* [Exercise prompt]:
Each line of the data below between the one containing "Interference is an" and the one containing "There are many", both included, is to be repeated exactly. Please omit pictures.

* [Dataset records]:
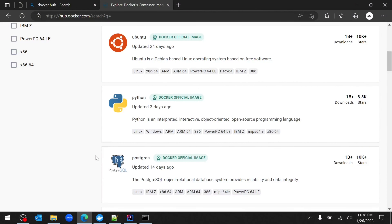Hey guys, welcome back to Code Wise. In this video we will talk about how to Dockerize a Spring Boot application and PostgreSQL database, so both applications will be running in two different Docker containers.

--

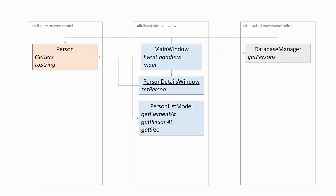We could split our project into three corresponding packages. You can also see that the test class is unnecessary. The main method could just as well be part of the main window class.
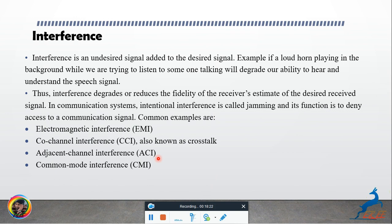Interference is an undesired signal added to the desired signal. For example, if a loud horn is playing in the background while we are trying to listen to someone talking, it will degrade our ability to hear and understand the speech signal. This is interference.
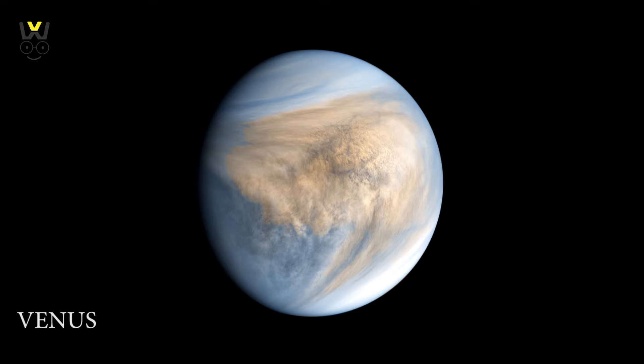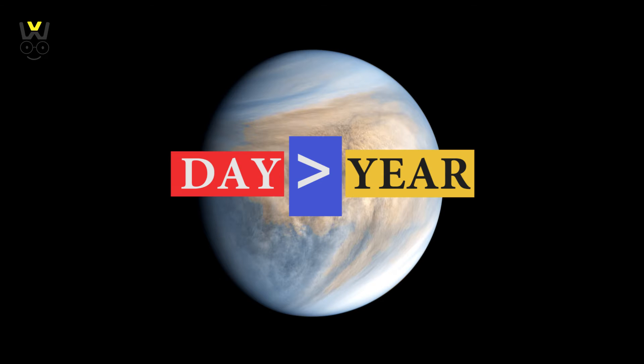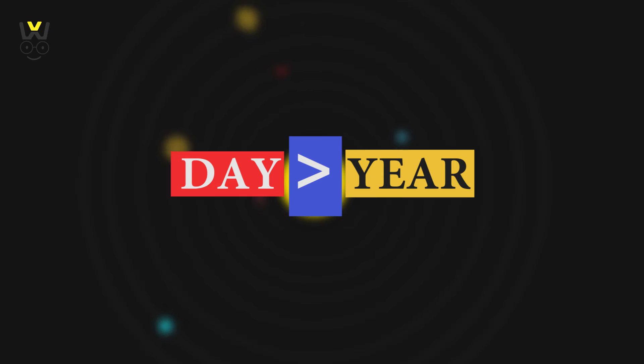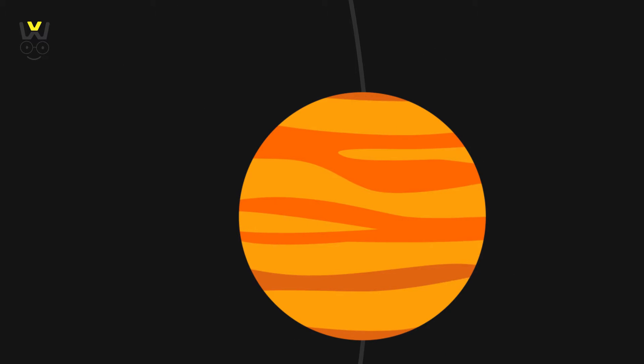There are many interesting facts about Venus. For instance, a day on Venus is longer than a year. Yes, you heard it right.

* [Response]:
Interference is an undesired signal added to the desired signal. For example, if a loud horn is playing in the background while we are trying to listen to someone talking, it will degrade our ability to hear and understand the speech signal. This is interference.
There are many interesting facts about Venus. For instance, a day on Venus is longer than a year. Yes, you heard it right.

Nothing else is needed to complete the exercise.